Specific metrics in every example
28% retention improvement, p99 latency cut from 340ms to 47ms, 19-point churn model improvement. Numbers make achievements real and verifiable.
Opening hook that earns attention
None of the examples open with "I am applying for." All three open with something specific, personal, and immediately compelling — something a hiring manager hasn't read 50 times today.
Mirrors the job description language
Each example uses terms and priorities that map to the specific role. "Cross-functional alignment," "production-ready code," "probabilistic reasoning" — not generic skill claims.
Company-specific research
Each letter references something real about the target company: a product launch, a known engineering culture, an investment area.
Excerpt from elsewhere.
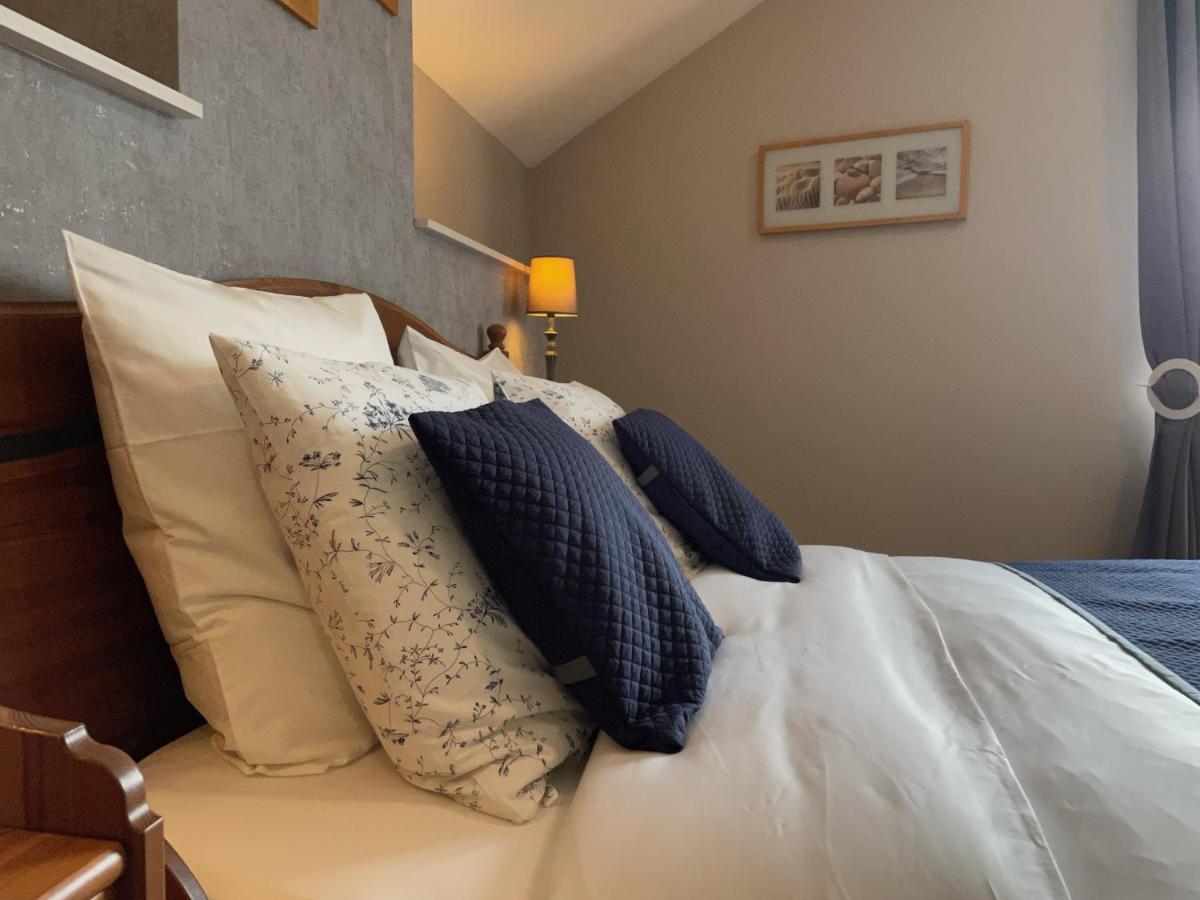 L'Oustaloise Bed & Breakfast Faugères Eksteriør bilde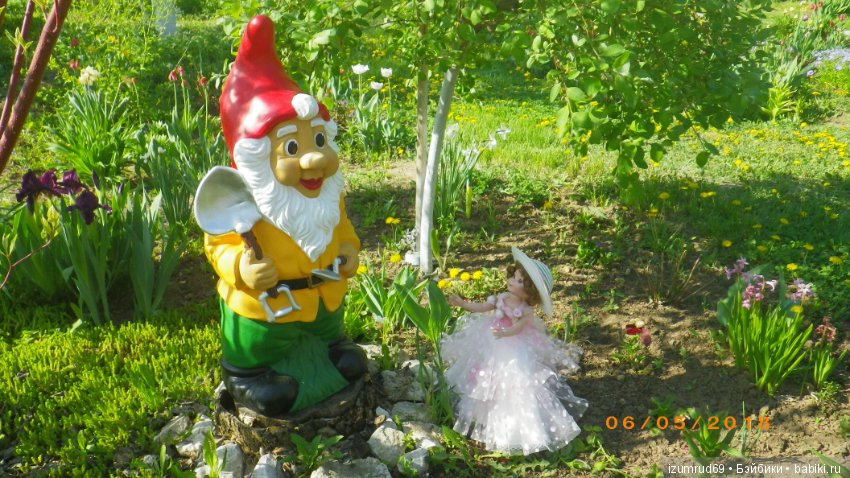 Бетси в роли цветочной феи (фото 4)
Shows you applied deliberately, not broadly.
Clear call to action in the close
"I'd welcome the chance to discuss…" or "I'd love to chat about…" — not passive. Every letter ends with a specific, forward-looking invitation.
Addresses the potential objection directly
The career change example doesn't hide the non-traditional background — it leads with it, reframes it as an asset, and shows deliberate preparation. Transparency builds trust.